Die Freude darüber war jedoch etwas verfrüht, wie sich später noch herausstellte.
Unsere eigentliche Anreise nach Calpe möchte ich ganz kurz mit der Überschrift "Pleiten, Pech und Pannen" beschreiben.
Pleite Nr.1:
Beim Einpacken bemerke ich, dass sich an meinem Vorderrad ein kapitaler Lagerschaden ankündigt (Lager kratzen beim Drehen der Nabe). Toll! Musste ich eben mein Campagnolo Nucleon Vorderrad mitnehmen, bei dem ich eigentlich nach 9 Dienstjahren täglich mit der Auflösung der Bremsflanke rechne ...
Pleite Nr.2:
Wir hatten extra bei der Autovermietung ein Fahrzeug aus der Kategorie "Peugeot Partner, VW Combo, o.ä" ausgesucht, weil wir ja 3 Radkoffer samt Gepäck und noch 3 Personen unterbringen mussten. An der Ausgabestelle verkündete uns die Dame dann freudestrahlend, dass das Fahrzeug gerade nicht verfügbar wäre, wir aber ohne Aufpreis ein Fahrzeug aus der nächsten Kategorie haben könnten. Prima, liebe Leute bei SIXT: schon einmal versucht, 3 80cm hohe Radkoffer aufrecht in einen Kombi reinzuquetschen. Und auch ganz toll, dass Ihr noch nicht einmal Euren Fehler eingestehen wolltet und uns nicht die Stornogebühren komplett erstattet wollt. Kundenbindung der anderen Art: für mich heißt das: NIE WIEDER SIXT! Und ich kann nur hoffen, dass viele Leser dieses Artikels ähnlich handeln werden. Umso netter waren die spanischen Taxifahrer, die für uns in der Gegend herumtelefonierten, um ein adäquat großes Taxi aufzutreiben. Hat dann auch prima geklappt und im Endeffekt nicht mehr gekostet als der Mietwagen.
Pleite Nr.3:
Im Hotel wird uns mitgeteilt, dass wir die Räder nicht auf die Zimmer mitnehmen dürften, weil einige Vorgänger von uns mit ihren Rädern dort wie die Vandalen gehaust hätten. Toll - mussten wir also extra eine Garage mieten (was selbstverständlich NICHT kostenlos war)
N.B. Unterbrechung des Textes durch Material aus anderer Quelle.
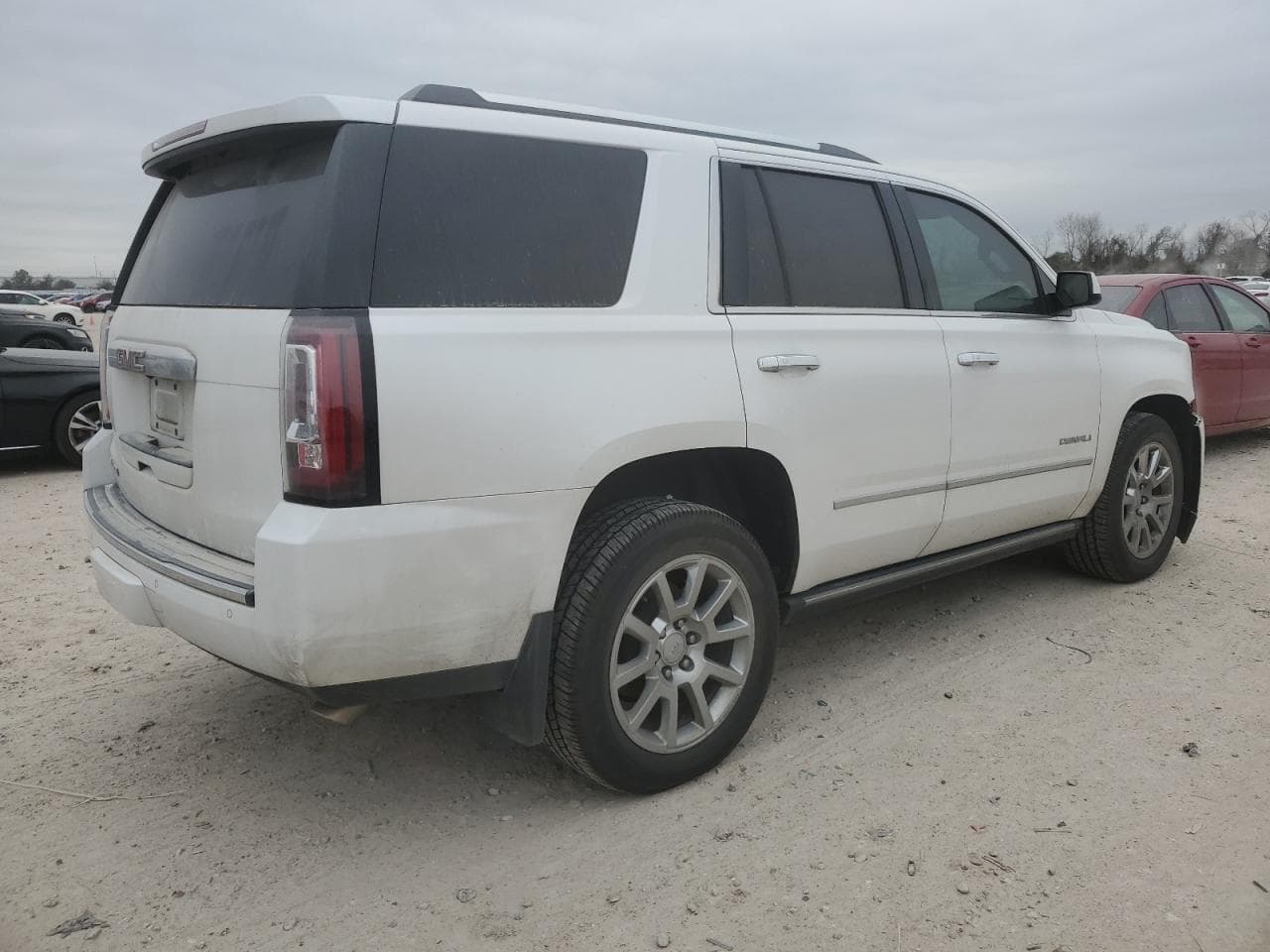 2017 GMC Yukon Denali - foto 3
Pleite Nr.4 (der Hammer des Tages)
Adi verkündet beim Zusammenbauen seines Gefährts, dass die Gewinde am Syntace Vorbau ausgerissen sind- also das Todesurteil für dieses Bauteil. Um Lästerern gleich den Wind aus den Segeln zu nehmen: Adi hat die Schrauben mit einem Drehmomentschlüssel vorschriftsmäßig angezogen.
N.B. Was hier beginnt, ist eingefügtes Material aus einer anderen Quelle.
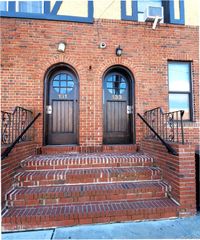 133 Lincoln Avenue C, Mineola, NY 11501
Da war dann erst einmal die Stimmung am absoluten Nullpunkt angelangt
Doch die Rettung war nahe: im Hotel gibt es einen Schweizer Radreiseveranstalter inkl. Werkstatt. Der Mechaniker war so nett, Adi für die Zeit unseres Aufenthalts einen Vorbau auszuleihen. Vielen Dank Und weil die Jungs so nett waren, mache ich auch gerne Werbung für sie an dieser Stelle: www.gustizollinger.ch (Hallo @SIXT: merkt Ihr was?)